# Portage River White Bass Run



## stosh (Aug 4, 2004)

I grew up near Oak Harbor and fished the white bass run in the spring. My son is back from Iraq and I thought we would take a long weekend and go up and try our luck. My memory is that the peak is generally about the second week of May, but heck, my memory doesn't work for yesterday sometimes.

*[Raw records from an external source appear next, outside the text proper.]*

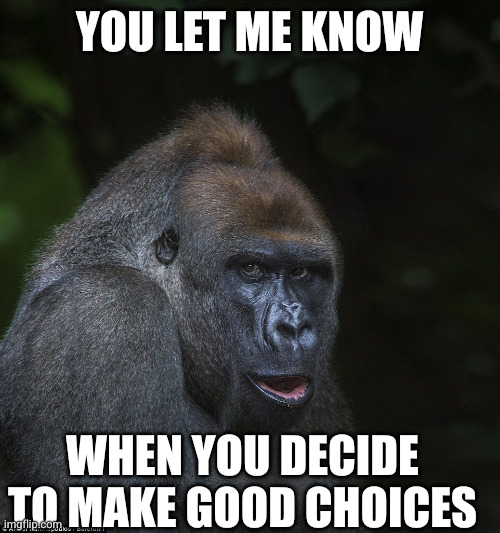 Figure it out before we all die, OK? | YOU LET ME KNOW; WHEN YOU DECIDE TO MAKE GOOD CHOICES | image tagged in memes,gorilla,good choices,clinate change,human stupidity,there seems to be no sign of intelligent life anywhere | made w/ Imgflip meme maker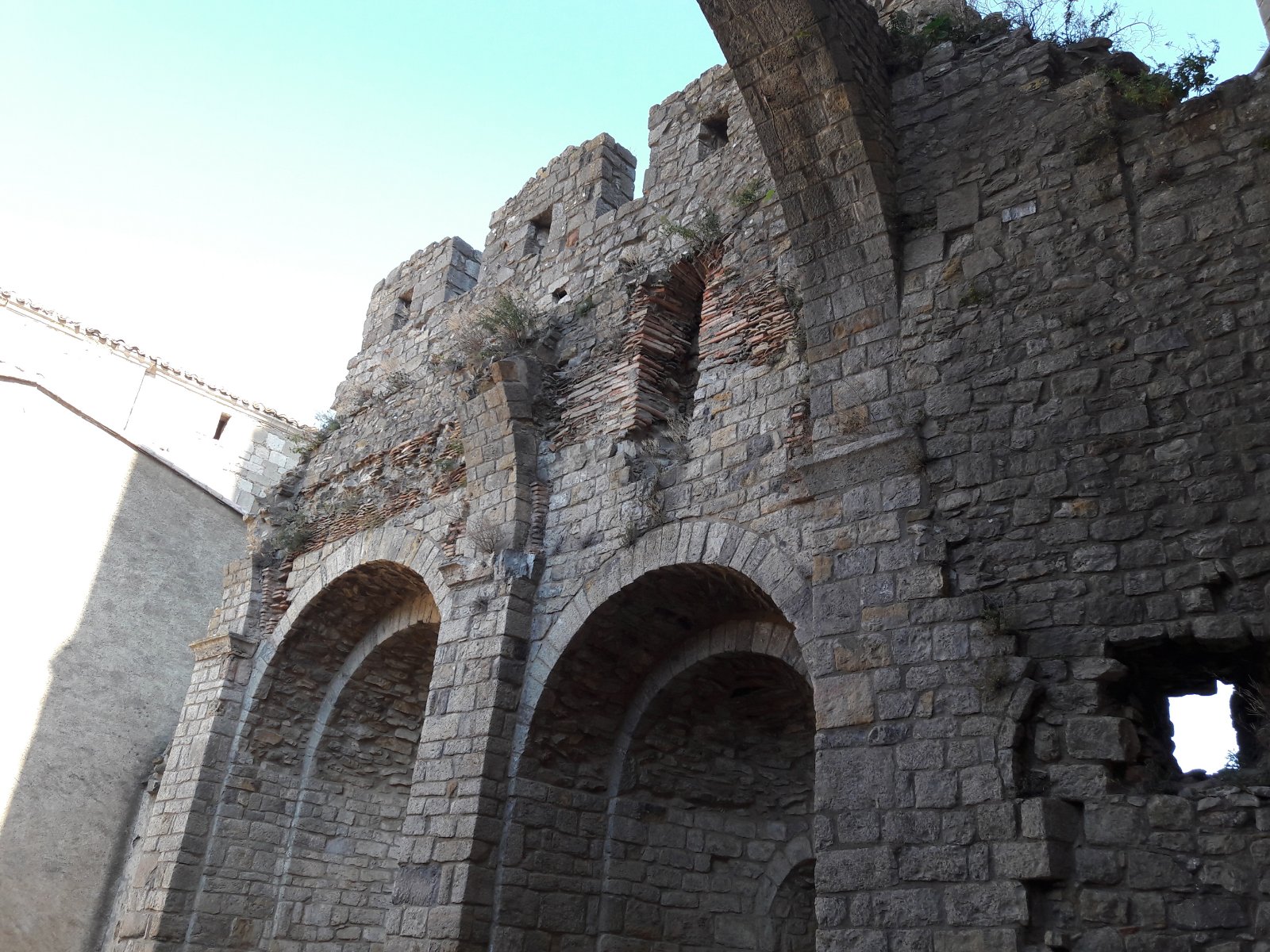 Vestiges église abbatiale - Le chevet.jpg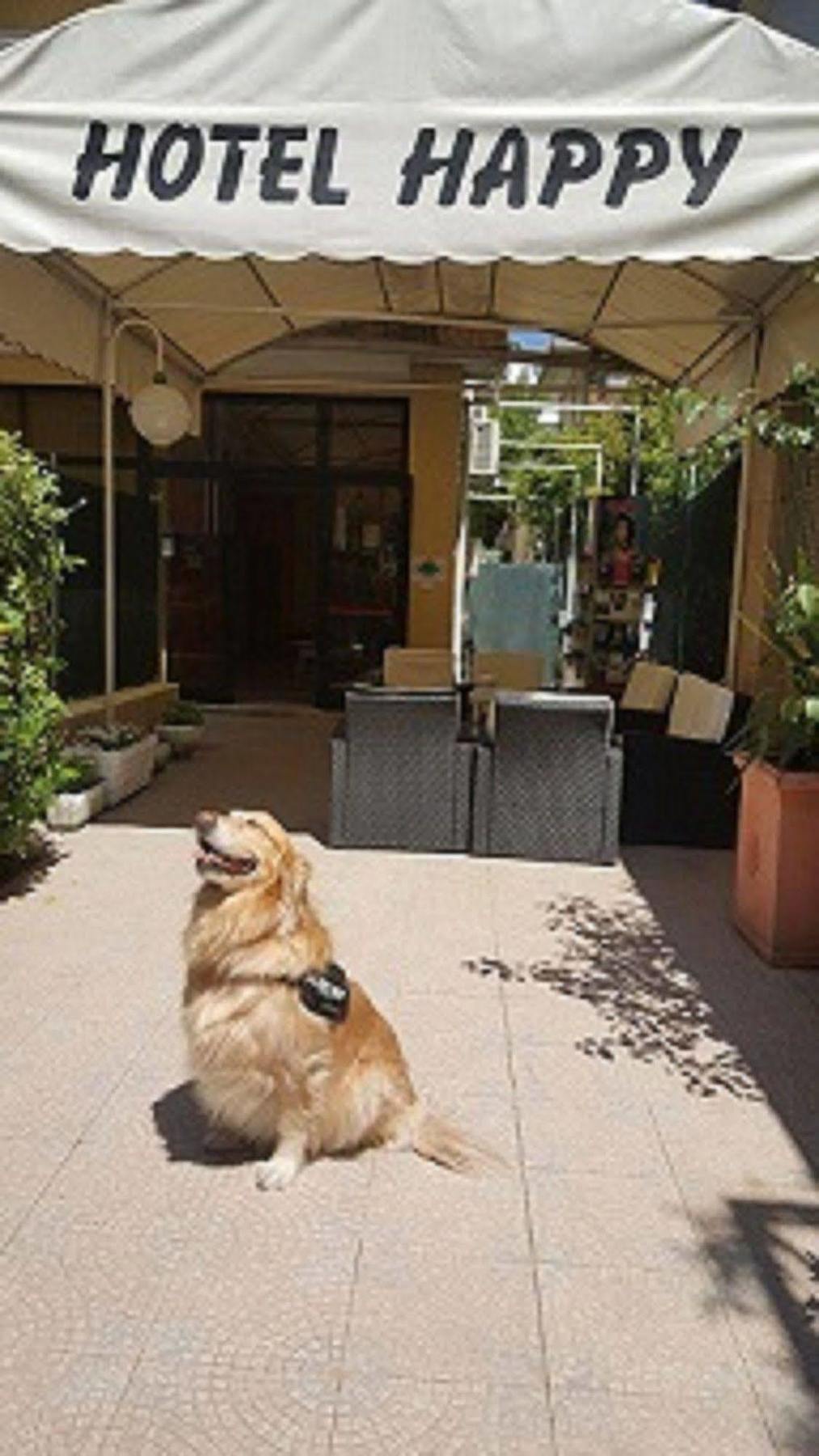 Hotel New Happy Римини Экстерьер фото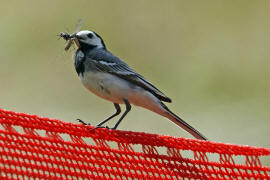 Motacilla alba / Bachstelze / Stelzen und Pieper - Motacillidae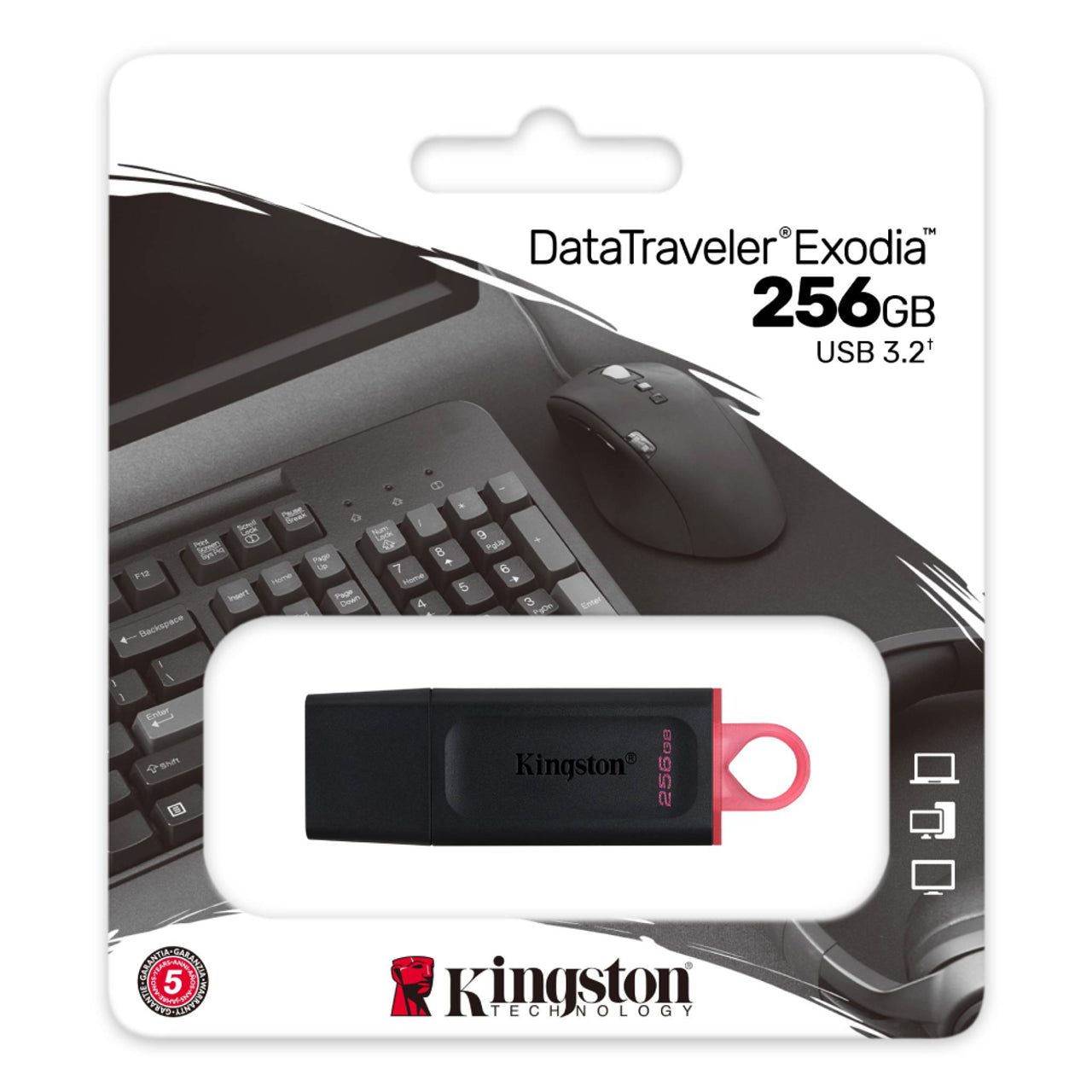 Kingston DataTraveler Exodia 256USB 3.2 Flash Drive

Can someone give me some info?


----------



## themancomesaround77 (Jan 12, 2008)

Never been to fish the Portage to fish but I have fished the Sandusky River since I was a kid and I would imagine that the peak of the White Bass Run would be the same in both rivers or darn close...we usually drive up to Fremont the first week in May...you can slaughter them then or if the bite isn't really on you can wait a week...to tell you the truth you might want to try the Sandusky river as Oak Harbor isn't that far...they still spawn pretty thick in the Sandusky and I have read of all the White Bass spawning runs in the Lake Erie Tributaries(Portage, Sandusky and Maumee) they say that the White Bass run in the Portage is iffy from year to year...they say that there are some years that there is no spawn at all up the Portage...which is a change from when you fished it as a young man...lol...anyway...wherever you go try to make it up there on a weekday, you'll have the river, and the fish, to yourself...go up on a weekend and it's going to be crowded...hope you guys catch 'em all...my older brother just left for his third tour in Iraq....I wish they would just bring them home...anyway....hope that helps...P.S. even in a bad year in Fremont I still catch more fish than the average fishing trip...


----------



## NorthSouthOhioFisherman (May 7, 2007)

I'm from Oak Harbor. The portage run is nothing compared to the Maumee or Sandusky! You would be much better off fishing the Sandusky most of the time and maybe come to OH for a small amt of time and just for scenery and fun. The portage has a lot of fishable water and the WB are very spread out although it has its times and the possibility of catching a smallie or two I would still much rather hit up the Sandusky-Just my 2 cents


----------